Минуту спустя я сидел рядом с Клодией в её носилках, которые носильщики несли по улицам Палантина; а Клодия, держа мою руку в своей, смотрела на меня долгим, проникновенным взглядом.
— Гордиан, я слышала, что ты пропал. Это было так ужасно! Представляю, что пришлось пережить твоим родным. Расскажи мне всё, прошу тебя.
— Не хочу. Мне сейчас так хорошо, а это всё испортит.
Брови её сошлись.
— Тебе так тяжело об этом вспоминать?
Как это может быть, что на лице у неё до сих пор нет ни единой морщинки? Наверно, мне просто кажется — из-за мягкого, приглушённого занавесками света.
— Гордиан, чему ты улыбаешься?
— Этот мягкий свет. Тепло твоего тела. Твой аромат — едва уловимый, которому невозможно подобрать название и который невозможно забыть. Люди рождаются и умирают; целые народы появляются и исчезают; но некоторые вещи не меняются.
— Гордиан…
— Ты необыкновенная женщина, Клодия. Неужели мне суждено умереть, не познав твоей любви?
— Гордиан!
Неужели она и вправду покраснела? Нет, этого не могло быть: Клодия давно уже не краснела. Должно быть, это всё-таки свет.
— Гордиан, меня попросила приехать Фульвия. — Она пыталась говорить деловитым тоном; но по голосу чувствовалось, что она улыбается. — Ты же знаешь.
— Именно это ты сказала моей жене, когда она заглянула к тебе в носилки, чтобы поздороваться с тобой?
— Конечно. Мы немного поговорили о погоде. Ты любишь раннюю весну?
— Моя жена поистине богиня.

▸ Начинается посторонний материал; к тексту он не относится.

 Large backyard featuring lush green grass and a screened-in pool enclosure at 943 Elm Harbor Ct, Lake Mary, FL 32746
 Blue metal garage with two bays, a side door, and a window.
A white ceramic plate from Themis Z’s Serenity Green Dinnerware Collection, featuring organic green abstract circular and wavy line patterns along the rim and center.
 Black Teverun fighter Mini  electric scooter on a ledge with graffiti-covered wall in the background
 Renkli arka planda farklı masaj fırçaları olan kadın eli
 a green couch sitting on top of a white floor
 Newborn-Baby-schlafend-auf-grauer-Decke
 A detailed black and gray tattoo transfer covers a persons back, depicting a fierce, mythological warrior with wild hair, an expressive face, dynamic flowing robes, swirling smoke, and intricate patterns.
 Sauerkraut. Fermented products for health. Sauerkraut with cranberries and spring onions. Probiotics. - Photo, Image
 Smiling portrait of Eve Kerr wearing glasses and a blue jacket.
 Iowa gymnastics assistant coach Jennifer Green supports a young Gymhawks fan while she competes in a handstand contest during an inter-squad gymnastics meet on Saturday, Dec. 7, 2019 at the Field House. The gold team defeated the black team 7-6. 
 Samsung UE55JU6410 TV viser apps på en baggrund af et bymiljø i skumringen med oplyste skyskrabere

Любая смертная давно бы уже была без ума от ревности.
Клодия чуть склонила голову.
— Должно быть, твоя жена и вправду богиня. Женатый на простой смертной давно бы уже пал к моим ногам. Но я полагала, что ты и меня считаешь богиней.
— О, нет; ты не богиня, ты — женщина. Уж в этом нет никаких сомнений.
Мы улыбнулись друг другу. Потом облако заслонило солнце, и освещение в носилках изменилось. Улыбки сбежали с наших лиц, но ни она, ни я не отвели глаз.
— Что-то должно произойти, Гордиан? — спросила Клодия изменившимся голосом.
Я глубоко вздохнул и сжал её руку. Мгновение спустя она отняла её. Я пожал плечами.
— Если бы что-то произошло между нами, всё изменилось бы. Игра света в твоих носилках, твоё тепло и этот аромат — всё стало бы другим. А я хочу, чтобы они оставались такими всегда.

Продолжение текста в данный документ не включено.